**Data records:**
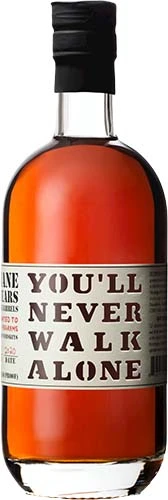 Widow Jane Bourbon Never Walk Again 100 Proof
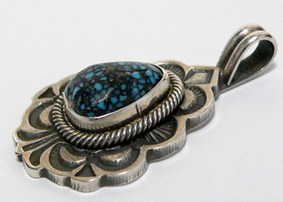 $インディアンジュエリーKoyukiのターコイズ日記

==

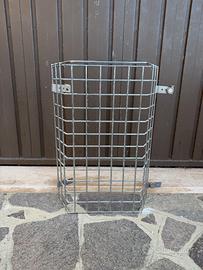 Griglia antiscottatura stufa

--

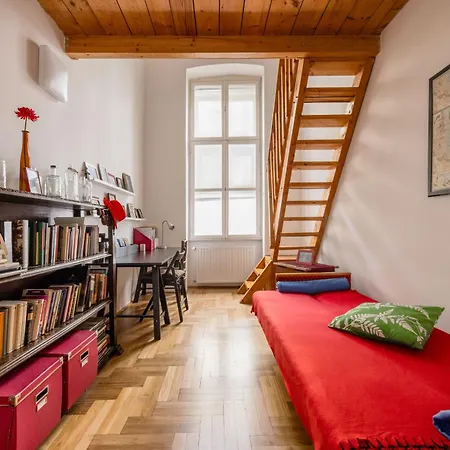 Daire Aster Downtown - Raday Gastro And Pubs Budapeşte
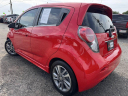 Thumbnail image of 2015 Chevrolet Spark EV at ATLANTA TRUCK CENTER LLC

**Work task:**
Although the records above contain pictures, the copy should not; retype exactly the lines from the one containing "Daire Aster Downtown" through the one containing "Thumbnail image of".

**Solution for this task:**
 Daire Aster Downtown - Raday Gastro And Pubs Budapeşte
 Thumbnail image of 2015 Chevrolet Spark EV at ATLANTA TRUCK CENTER LLC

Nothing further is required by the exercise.